It hasn't been too long since I've posted a blog but I felt the desire to write and get some things off my chest. I hope that my experience can help you relate and also give you hope. But of course, you kind of need to know what I'm talking about, so let's jump right in.
Lately all I've done when I get on Facebook is one of two things:
1) I compare myself with others (i.e. "Oh look, they got engaged after dating 9 months… that's great.")
or
2) I judge people for being stupid (i.e. "They believe in what? Are you kidding? That's scientifically proven wrong (or right)!"
Honestly, I'm sick of hearing myself being so judgmental, whether it be out of jealousy or out of arrogance. So I think I'm going to detach.
I'm constantly seeing FB users post photos of all the awesome things they're doing (and I'm guilty as well) but for the only reason it feels like to me is to put on show to boast about how awesome their lives are.
I've read tons and tons of articles about this effect. Of feeling less than because of our comparing tendencies when we log on to social media. Though I can always tell when a photo is staged or a status seems EXTRA
On top of that, I don't want to be that person. Always posting photos of my pretty dogs or how happy I am with my face squashed up next to my boyfriends, perhaps my dinner was extra super delicious. These cute fuzzy slippers? You gotta see them. Oh, I made 80 billion cupcakes today, too. On top of all that, I decided to paint/bake/crochet/read an entire book.

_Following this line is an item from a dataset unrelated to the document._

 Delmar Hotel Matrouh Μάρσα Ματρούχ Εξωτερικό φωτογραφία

I've attempted "Honesty Posts" before and got a backlash from what seemed like my entire friends list and I was tired of hearing people tell me they were worried about me. I'm not depressed, but I am real, and sometimes my being real consists of me lounging on the couch in my pjs at 3 in the afternoon with my snoozing pups. Sometimes my being real consists of me getting frustrated with things I can't control. Sometimes my being real consists of me being overly happy about the silliest thing, like buying cute fuzzy slippers.

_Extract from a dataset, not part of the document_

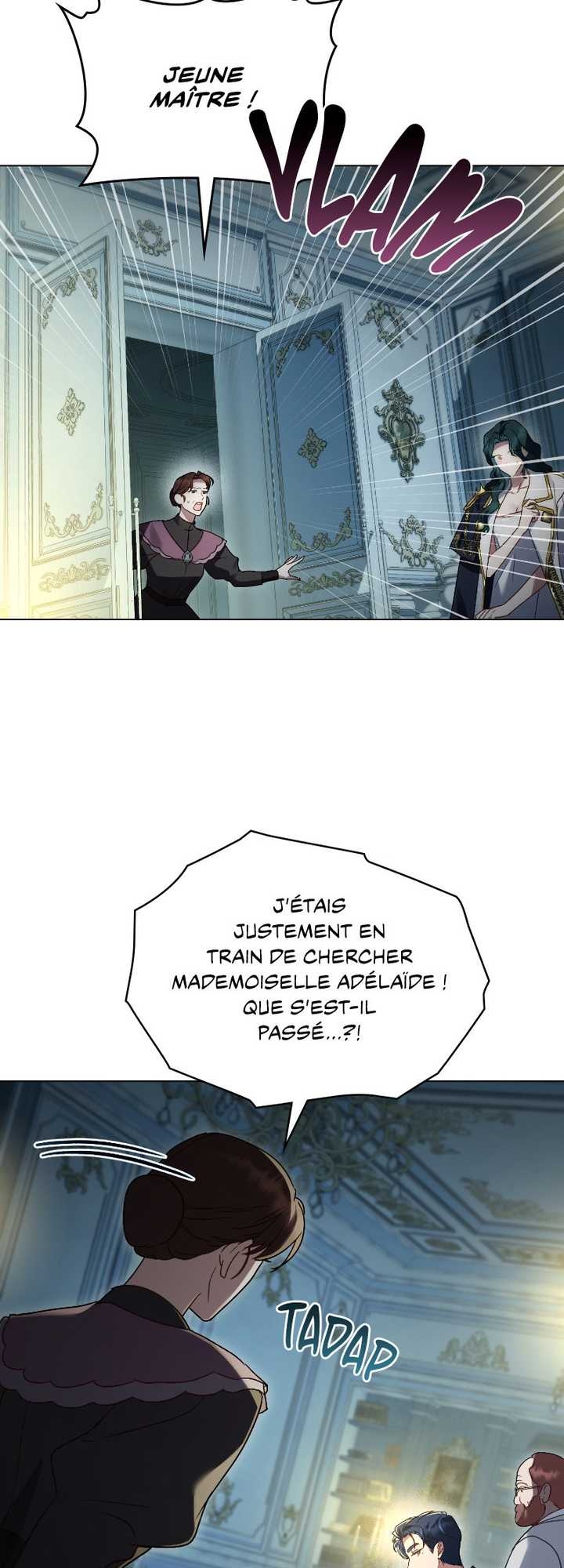 Read High Class Society FR Manga Online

But I forget about being real when I start to compare myself, my insides, to people's Facebook feeds. I think that I must not have it all together if I'm not 100% happy all the time. It sounds silly doesn't it?
What I'm learning is that I have GOT to stop comparing myself to others. It kills my self-esteem and my confidence and leaves me feeling doubtful and like a complete failure.
My goal this next year (I'm tacking another one on my list) is to learn to stop comparing myself, to stop comparing my successes and failures to another's, and to learn to be okay with where I am, and be grateful for what I have today, whether it be a good day or not, my worst day now was better than my best day 6 years ago.